### [Work to be completed]
A verbatim repeat of the lines below is required, with the pictures removed.

### [Recorded information]
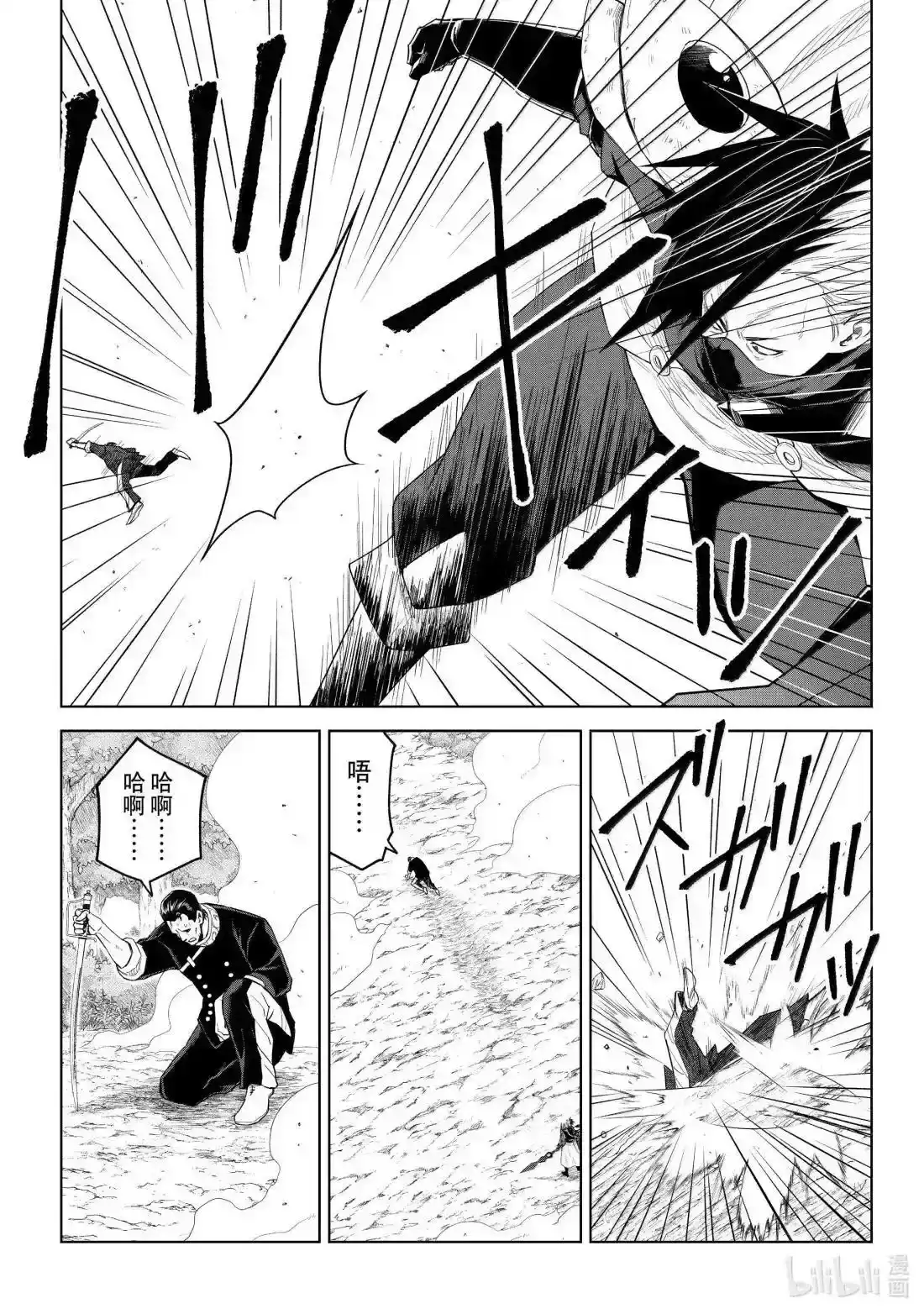 《关于我转生变成史莱姆这档事 克雷曼Revenge》单话 第34话 第12页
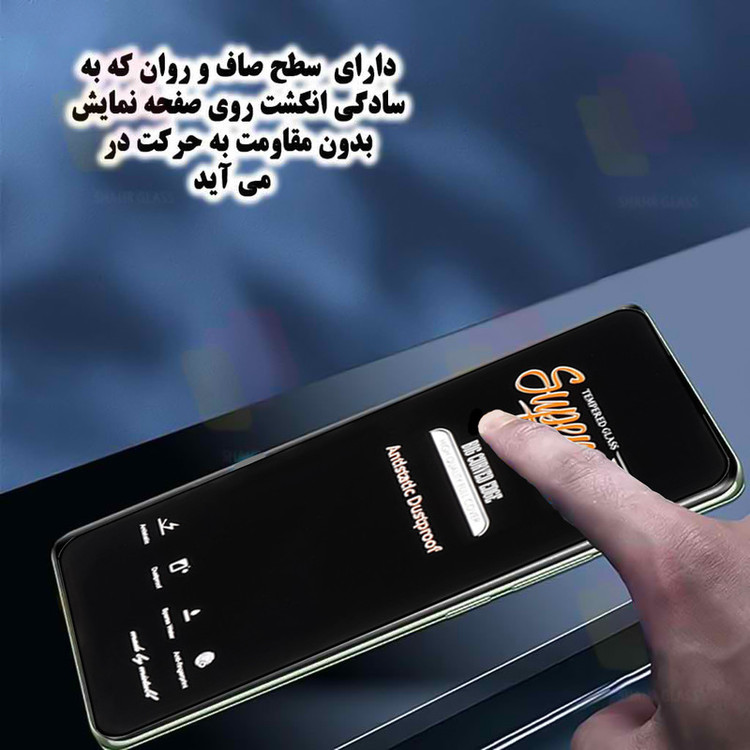 محافظ صفحه نمایش شهر گلس مدل OANTS20 مناسب برای گوشی موبایل اپل iPhone 16 Pro Max
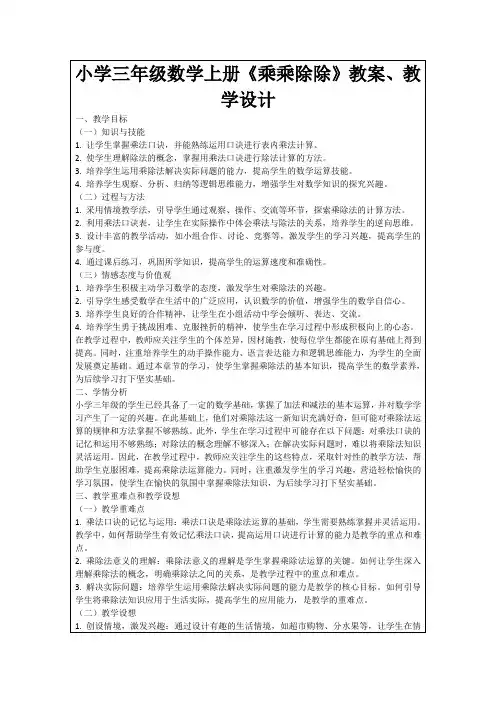 小学三年级数学上册《乘乘除除》教案、教学设计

### [Your response]
 《关于我转生变成史莱姆这档事 克雷曼Revenge》单话 第34话 第12页
 محافظ صفحه نمایش شهر گلس مدل OANTS20 مناسب برای گوشی موبایل اپل iPhone 16 Pro Max
 小学三年级数学上册《乘乘除除》教案、教学设计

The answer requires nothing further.